L’élaboration des évangiles et la tradition de l’Église
La parole et les gestes de Jésus ne nous sont parvenus que par des écrits, des mises par écrit que les premières communautés de chrétiens ont réalisées dans une autre langue (le grec) et dans un autre univers culturel que celui où Jésus a vécu. En effet, le Nouveau Testament a été écrit après la mort de Jésus et après l’expérience que les apôtres ont faite de Jésus Ressuscité. Cela veut dire qu’il nous faut abandonner l’illusion que nous pourrions totalement rejoindre le Jésus de l’histoire et décider nous-mêmes de ce qui est authentique ou non, comme certains commentateurs ont tenté de le faire à une époque. Le Nouveau Testament est la mise par écrit du témoignage des premiers chrétiens qui se sont rappelé les paroles et les gestes de leur maître parce qu’ils faisaient l’expérience du Christ vivant parmi eux et agissant dans le monde par son Esprit. Mémoriser des récitatifs de la Nouvelle Alliance, ce n’est donc pas retrouver directement les gestes et la Parole de Jésus, mais bien entrer dans l’expérience croyante des premiers chrétiens qui se remémoraient Jésus devenu Seigneur par sa mort et sa résurrection.

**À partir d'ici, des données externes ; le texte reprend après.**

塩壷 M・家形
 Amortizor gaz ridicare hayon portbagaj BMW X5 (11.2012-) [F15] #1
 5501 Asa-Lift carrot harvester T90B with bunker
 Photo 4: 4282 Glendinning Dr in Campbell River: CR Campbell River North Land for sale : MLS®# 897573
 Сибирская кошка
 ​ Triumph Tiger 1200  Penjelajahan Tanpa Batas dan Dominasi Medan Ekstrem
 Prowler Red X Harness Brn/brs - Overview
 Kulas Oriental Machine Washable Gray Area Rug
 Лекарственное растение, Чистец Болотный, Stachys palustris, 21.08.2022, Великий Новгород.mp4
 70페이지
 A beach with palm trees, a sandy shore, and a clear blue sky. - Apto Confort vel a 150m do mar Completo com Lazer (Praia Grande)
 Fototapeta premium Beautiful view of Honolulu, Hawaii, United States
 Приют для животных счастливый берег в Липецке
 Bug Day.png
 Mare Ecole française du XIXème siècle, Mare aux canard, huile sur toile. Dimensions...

Après une période de transmission orale d’au moins quarante ans après la mort et la résurrection du Christ, vinrent les mises par écrit dans les années soixante-dix.
A l’origine, l’utilisation du mot « évangile » a deux sens : l’annonce de la Bonne Nouvelle et aussi le livre, la mise par écrit qui la contient. Ces deux sens ont été maintenus jusqu’à nos jours. Cependant, la mise par écrit comme aide-mémoire, n’a d’intérêt dans la foi que comme support d’une Parole vivante et agissante.
Cet élément justifie à lui seul la mémorisation orale et gestuée de l’Évangile.
Il faut cependant ajouter que dans la mise par écrit, il ne s’agissait pas seulement de sauver le patrimoine chrétien, mais d’opérer une deuxième vague d’interprétation après celle déjà effectuée lors de l’élaboration des récits oraux.
La tradition chrétienne a toujours affirmé que l’Esprit, qui a présidé à la mise par écrit, préside également à la lecture. C’est ce même Esprit qui pousse les croyants à mettre en oeuvre, et peut-être en gestes, la Bonne Nouvelle de Jésus-Christ.
Gestuer les textes de la Bible, c’est d’une certaine manière parcourir le chemin inverse de leur élaboration. De récits oraux qu’ils étaient, ils sont devenus écrits, aide-mémoire offerts par l’Église. En effet, c’est la communauté des croyants, antérieure aux Écritures, qui les donne au monde. C’est pour cela que nous les recevons telles que l’Église les donne. Pour que ces Écritures restent Paroles vivantes, il est nécessaire que chaque génération puisse les interpréter et les mettre en pratique.
Gestuer est une manière de se rendre disponible à l’Esprit Saint qui réalise la présence du Christ aujourd’hui à travers le corps, le coeur et l’intelligence des croyants, Peuple de Dieu, et à travers l’Église qui est le Corps du Christ.